To this end, we have created a computational framework to build ML models that generate all key safety and pharmacokinetics parameters needed as input for Quantitative System Pharmacology and Toxicology models. Our end-to-end pipeline first ingests raw datasets, curates them, and stores the result in our data lake. Next it extracts features from these data and trains and saves the model to our model zoo. Our pipeline generates a variety of molecular features and both shallow and deep ML models. The HPC-specific module we have developed conducts efficient parallelized search of the model hyperparameter space and reports the best-performing hyperparameters for each of these feature/model combinations.

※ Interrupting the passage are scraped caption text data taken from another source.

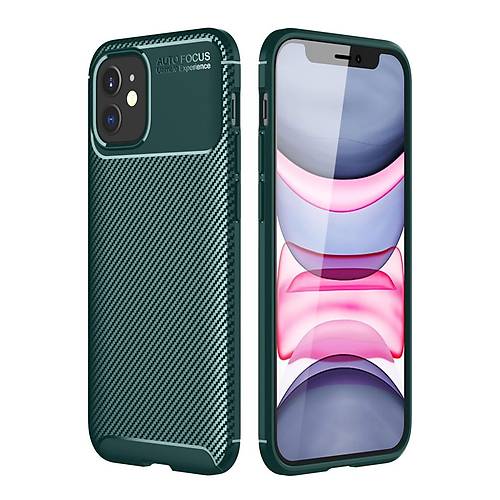 iPhone 12 Mini K�l�f Auto Focus Karbon Kapak - Ye�il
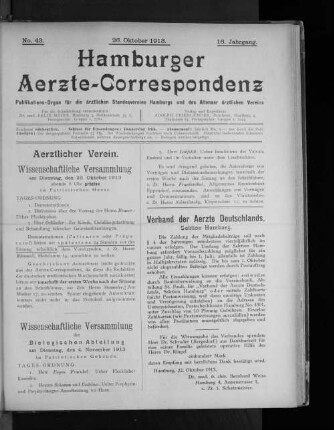 No. 43. 26. Oktober 1913. 16. Jahrgang.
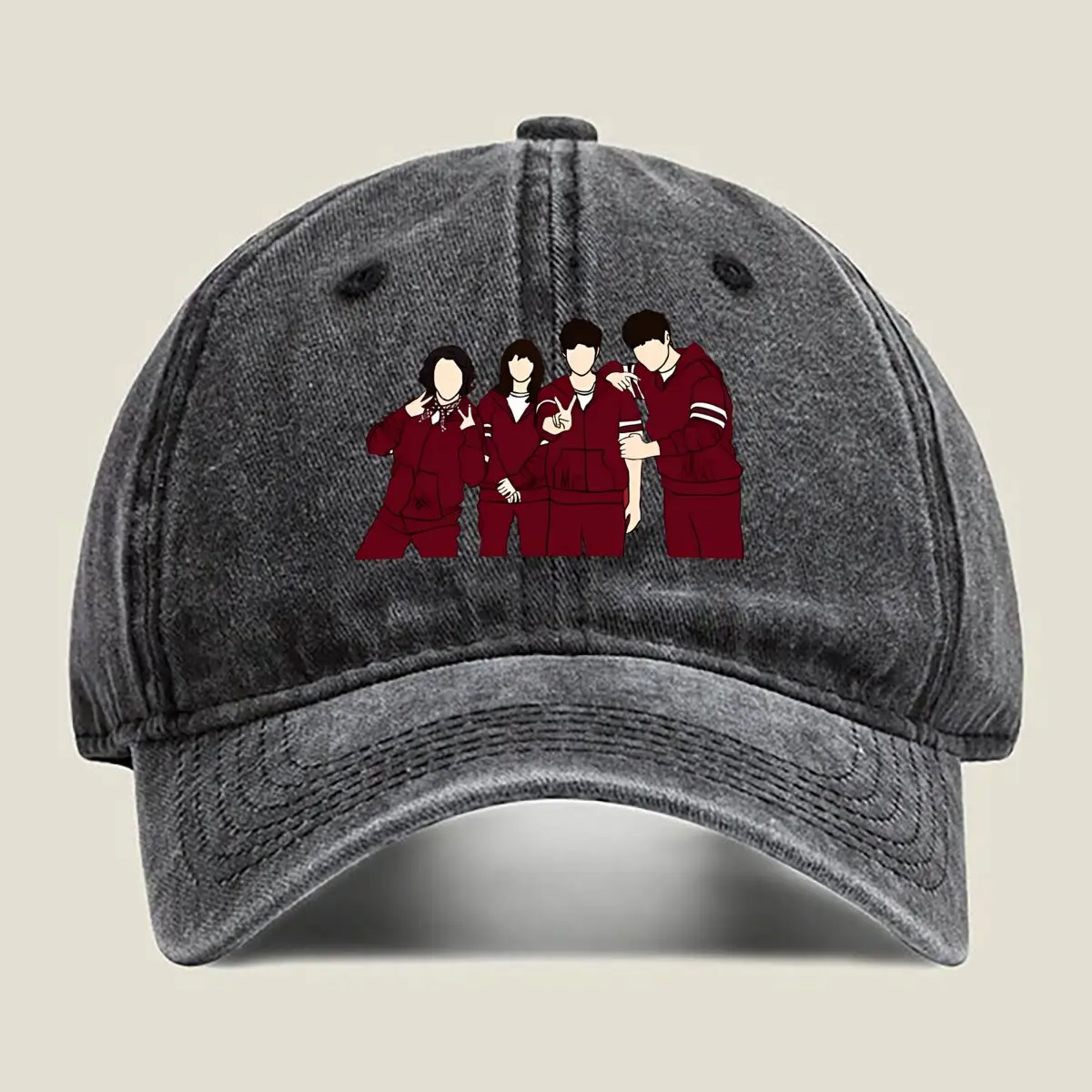 

Group - Bold, Red, Uniform, Team - Themed Design Washed Baseball Cap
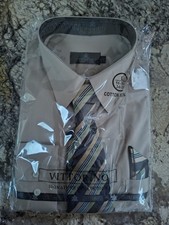 VITTORINO Signature Collection L 16-16.5 34/35 Sand Cotton Blend with Tie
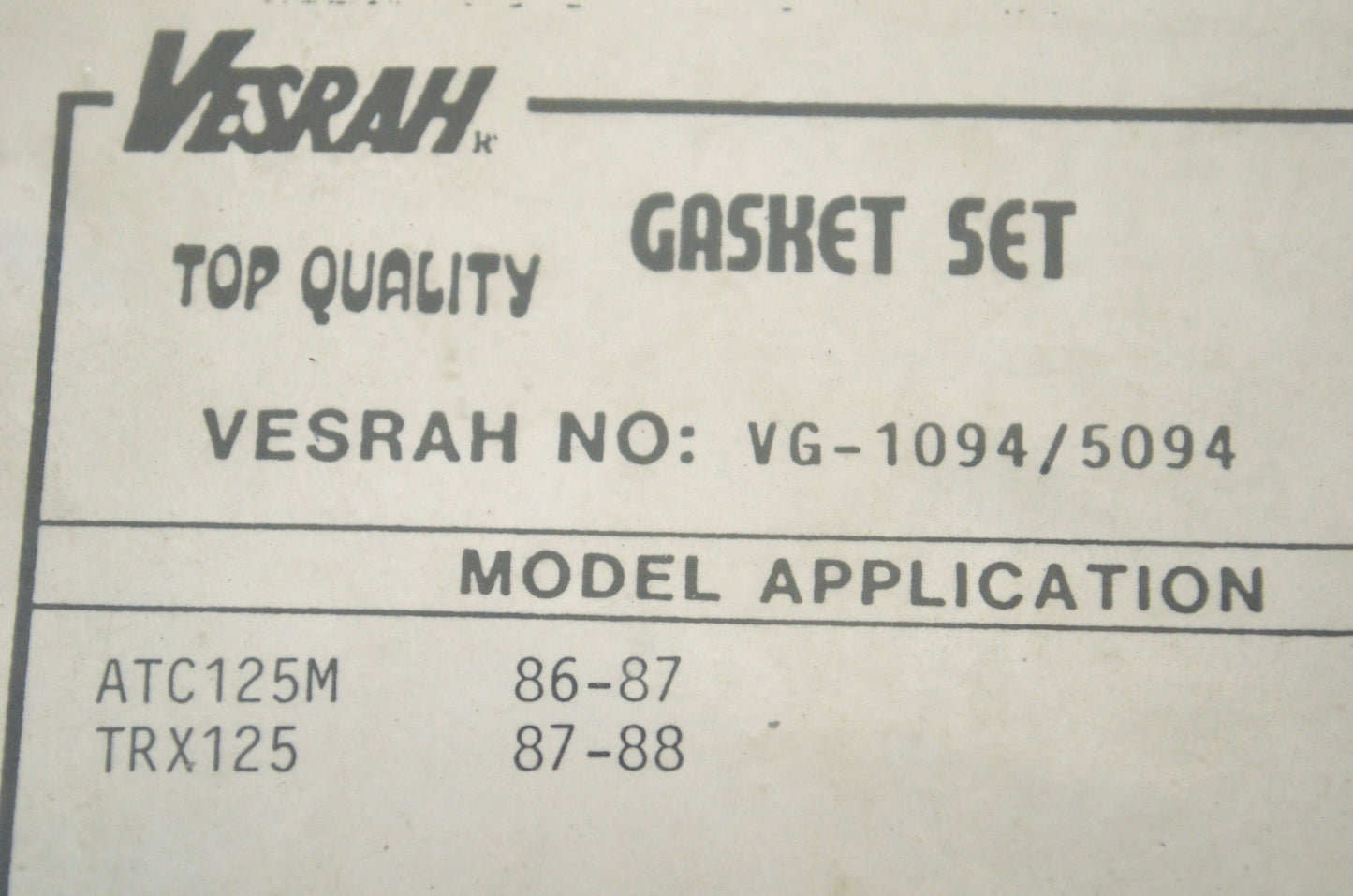 Vesrah GTE194, VG-5094, VG-1094 Top End Gasket Kit NOS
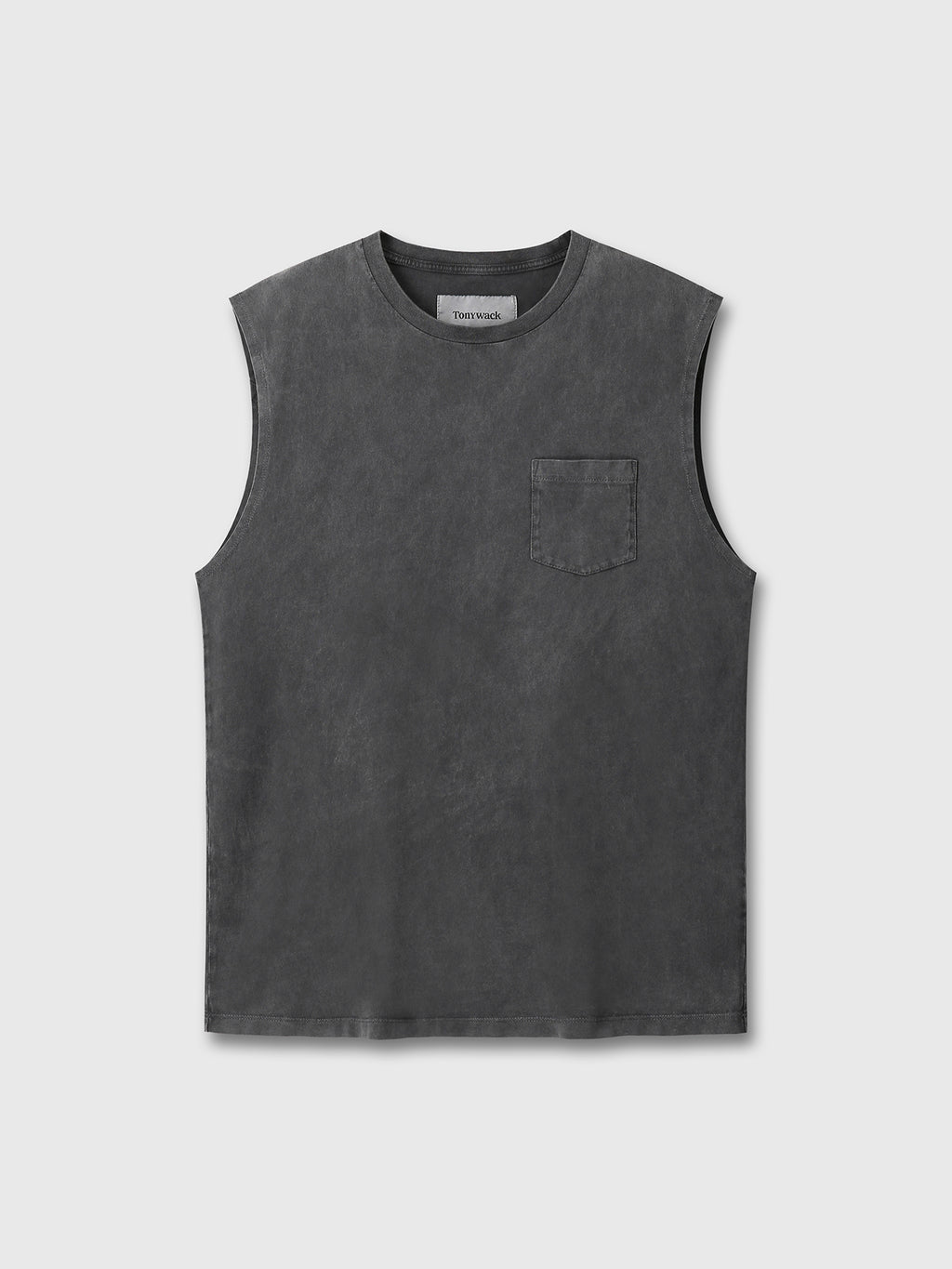 GARMENT-DYED PATCH POCKET SLEEVELESS_ FADED BLACK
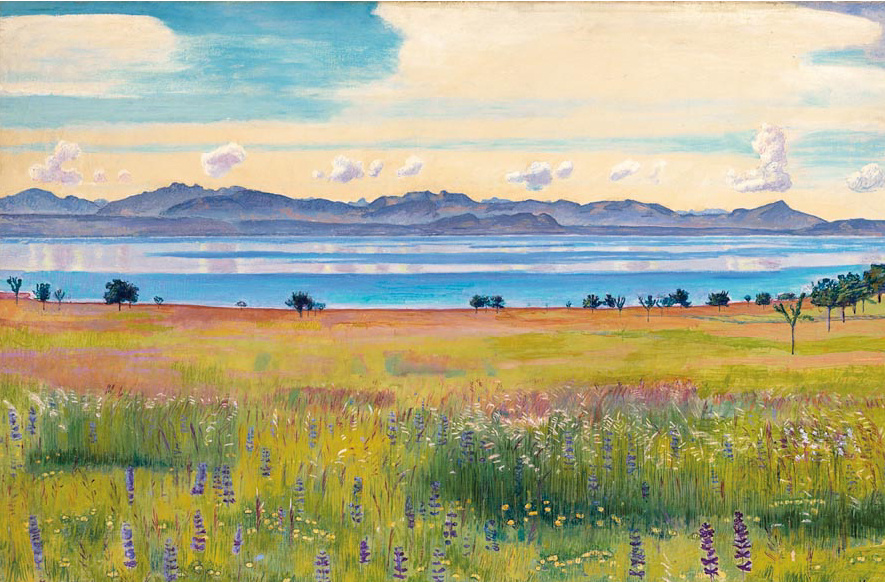 Ferdinand Hodler. View of the Lake Geneva from the side of Saint-Pré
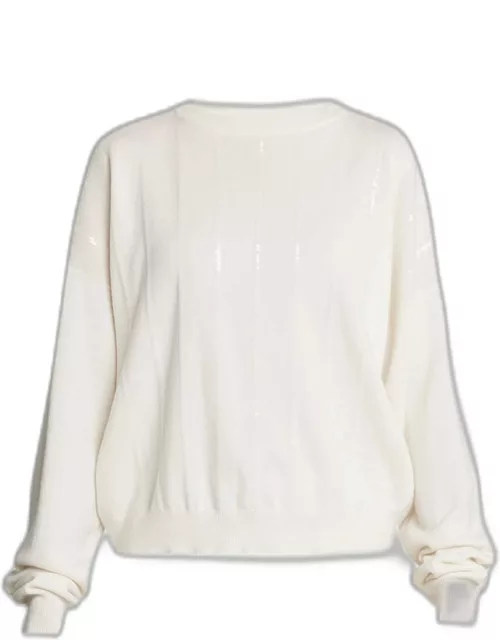 Cashmere Vertical Sequined Sweater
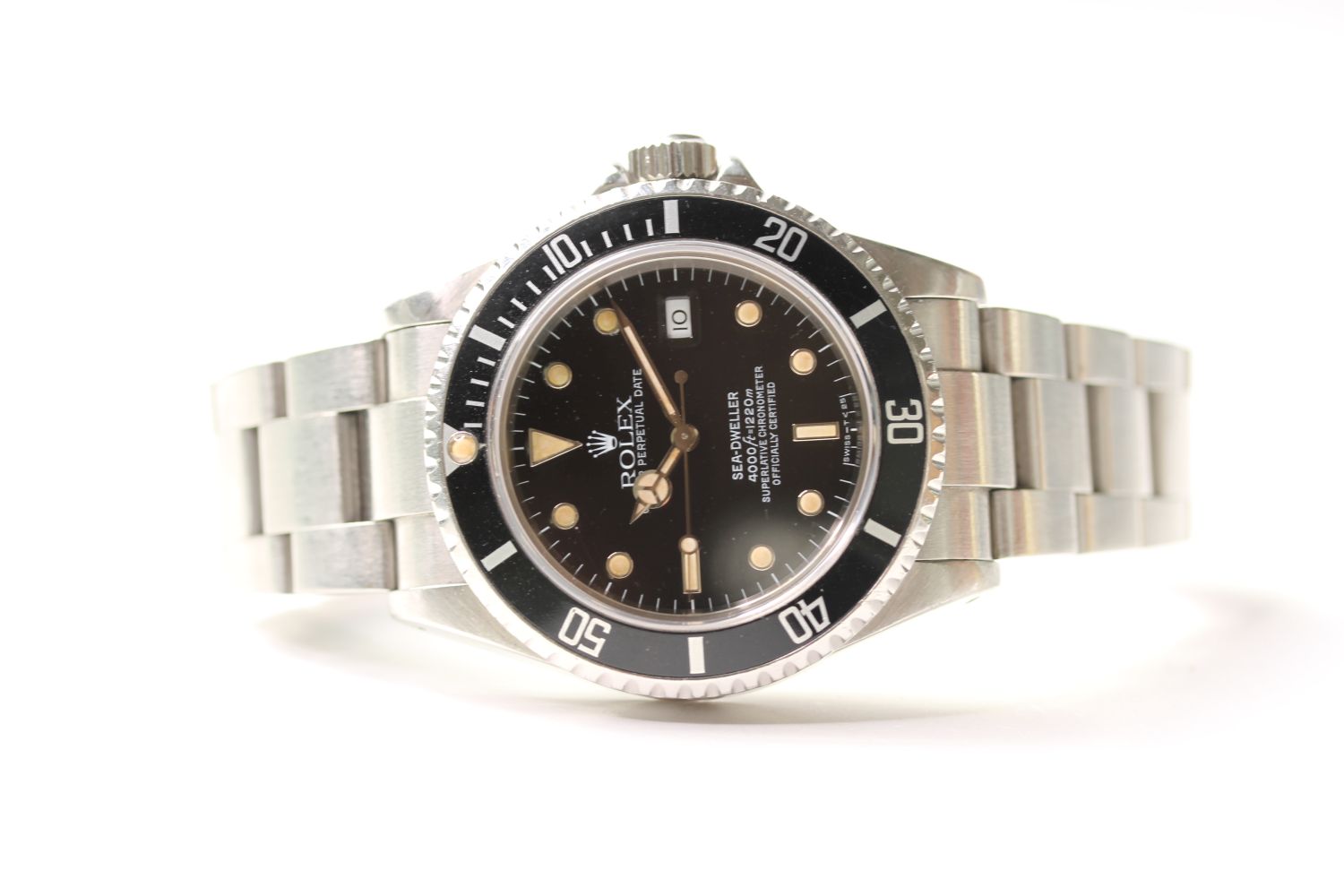 ROLEX SEA DWELLER REFERENCE 16600 WITH BOX AND ANCHOR, circular black dial with with applied hour - Image 4 of 7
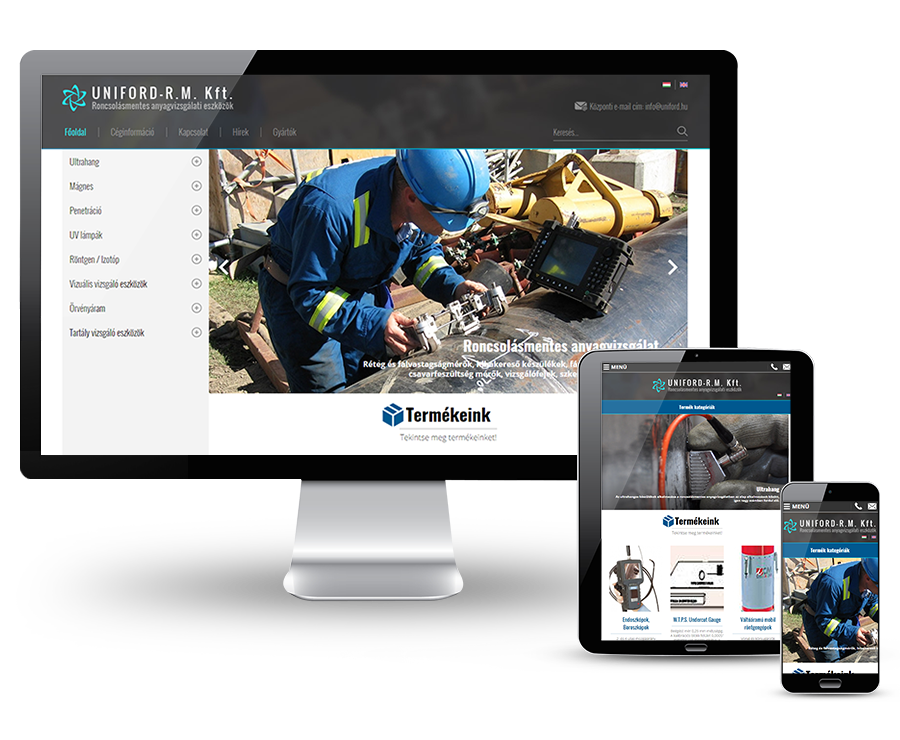 Uniford.hu anyagvizsgálati eszközöket árusító reszponzív weboldal készítés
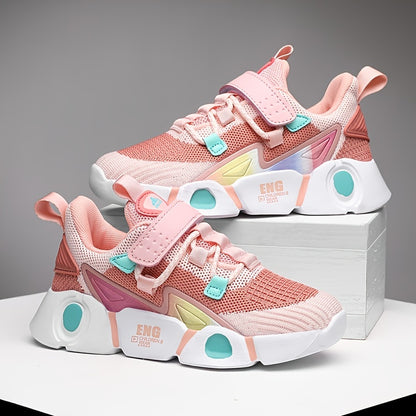 Sneakers traspiranti in maglia per bambine - Sneakers basse a righe alla moda con chiusura a strappo, leggere e comode per tutte le stagioni, design rosa e nero con tomaia in mesh e suola in EVA, adatte ai piedi dei più piccoli.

To ensure complete traceability of results, we save the training, validation, and testing dataset version IDs, the Git hash of the code used to generate the model, and the OS- and library-related version information. We have set up a Docker/Kubernetes infrastructure, so when a promising model has been identified, we can encapsulate the pipeline that created it, supporting both reproducibility and portability. Our system is designed to handle protected data and support incorporating proprietary models, which allows the framework to be run on real drug design tasks.

Our models are currently being integrated into an active learning pipeline to aid in de novo compound generation, as well as being sent back to consortium members to incorporate into their drug discovery efforts . Our models and code will also be released to the public at the end of our 3-year proof-of-concept phase. To make these models usable externally, we have built a module that can load in a model from our model zoo and generate predictions for a list of compounds on-the-fly. If ground truth is known, a variety of performance metrics are generated and stored in our model performance tracker database, allowing for easy querying and comparison of model performance.

We are confident that this work will help to transform cancer drug discovery from a time-consuming, sequential, and high-risk process into an approach that is rapid, integrated, and with better patient outcomes.